Вдова Монтьель сидела в постели, прижимая к груди край простыни. Волосы у нее были распущены, а на коленях лежали зеркало и роговой гребень.
- Так вы, значит, тоже собираетесь на праздник? - сказал врач.
- Она празднует свой день рождения - ей исполнилось пятнадцать лет, сказала одна из женщин.
- Восемнадцать, - с грустной улыбкой поправила вдова и, снова вытянувшись в постели, подтянула простыню к подбородку, - И, конечно, лукаво добавила она, - ни один мужчина не приглашен! А уж вы и подавно, доктор, это была бы дурная примета.
Доктор положил мокрую шляпу на комод.
- Вот и прекрасно, - сказал он, глядя на больную задумчивоудовлетворенным взглядом. - Теперь я вижу что мне здесь больше делать нечего.
А потом, повернувшись к женщинам и как будто извиняясь, спросил:
- Вы разрешите мне?..
Когда вдова осталась с ним наедине, страдальческое выражение лица, свойственное больным, вернулось к ней снова. Однако врач, казалось, этого не замечал. Выкладывая предметы из чемоданчика на ночной столик, он все время шутил.
- Для прокорма врачей, - улыбнулся доктор, - лучше уколов еще ничего не придумано.

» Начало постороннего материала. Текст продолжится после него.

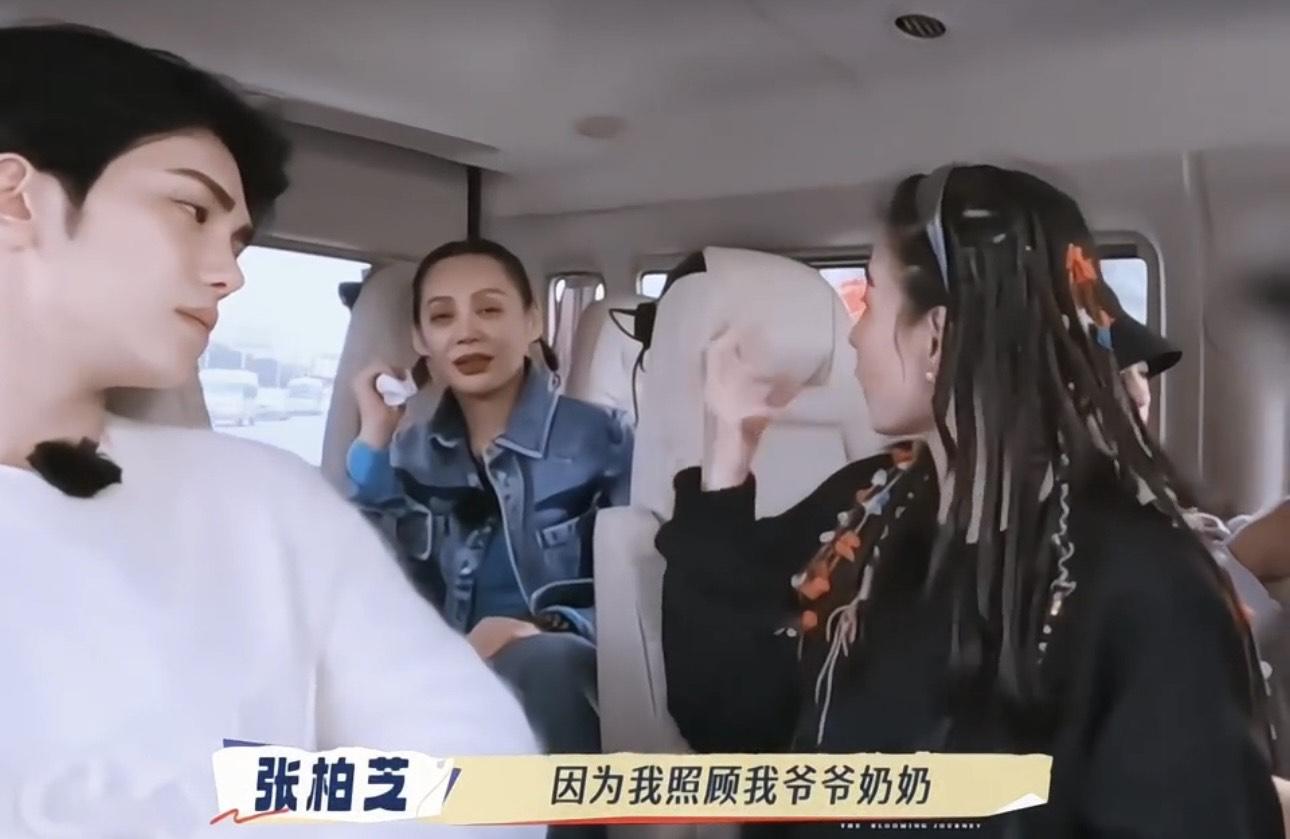 張栢芝自幼學手語與爺爺嫲嫲溝通。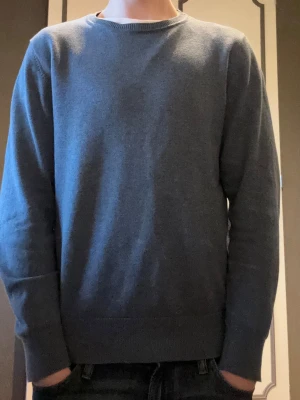 Stickad crew neck  - Stilren stickad tröja ifrån Mango i ljusblått.  Storlek xs och grymt skick! Storlek XS. Skriv vid frågor💬🎉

Теперь заулыбалась и вдова.
- Честное слово, - сказала она, ощупывая через простыню ягодицы, здесь сплошная рана. Я даже дотронуться не могу.
- А вы и не дотрагивайтесь, - сказал врач.
Она рассмеялась.
- Доктор, можете вы быть серьезным хотя бы по воскресеньям?
Врач оголил ей руку, чтобы измерить кровяное давление.
- Доктор не велит, - сказал он, - вредно для печени.
Пока он измерял давление, вдова с детским любопытством разглядывала круглую шкалу тонометра.
- Самые странные часы, какие я видела в своей жизни, - заметила она.
Наконец, перестав сжимать грушу, доктор оторвал взгляд от стрелки.
- Только они показывают точно, когда можно вставать с постели, - сказал он.
Закончив все и уже сматывая трубки аппарата, он пристально посмотрел в лицо больной, а потом, поставив на столик флакон белых таблеток, сказал, чтобы она принимала по одной каждые двенадцать часов.
- Если не хотите больше уколов, - добавил он, - уколов не будет. Вы здоровей меня.
Вдова Монтьель с легким раздражением передернула плечами.
- У меня никогда ничего не болело, - сказала она.
- Верю, - отозвался врач, - но ведь должен был я придумать что-нибудь в оправдание счета.
Ничего не ответив на это, вдова спросила:
- Я еще должна лежать?
- Наоборот, - сказал врач, - я это строго вам запрещаю. Спуститесь в гостиную и принимайте визитерш как полагается. К тому же, - иронически добавил он, - вам о стольких вещах надо поговорить!
- Ради бога, доктор, - воскликнула она, - не будьте таким насмешником! Наверно, это вы наклеиваете листки.
Доктор захохотал. Выходя, он остановил взгляд на кожаном чемодане с медными гвоздиками, стоявшем наготове в углу спальни.
- И привезите мне что-нибудь на память, - крикнул он, уже перешагивая порог, - когда вернетесь из своего кругосветного путешествия!
Вдова, снова занявшаяся расчесыванием волос, ответила:
- Непременно, доктор!
Так и не спустившись в гостиную, она оставалась в постели до тех пор, пока не ушла последняя визитерша. Только после этого она оделась. Когда пришел сеньор Кармайкл, вдова сидела у приоткрытой двери балкона и ела.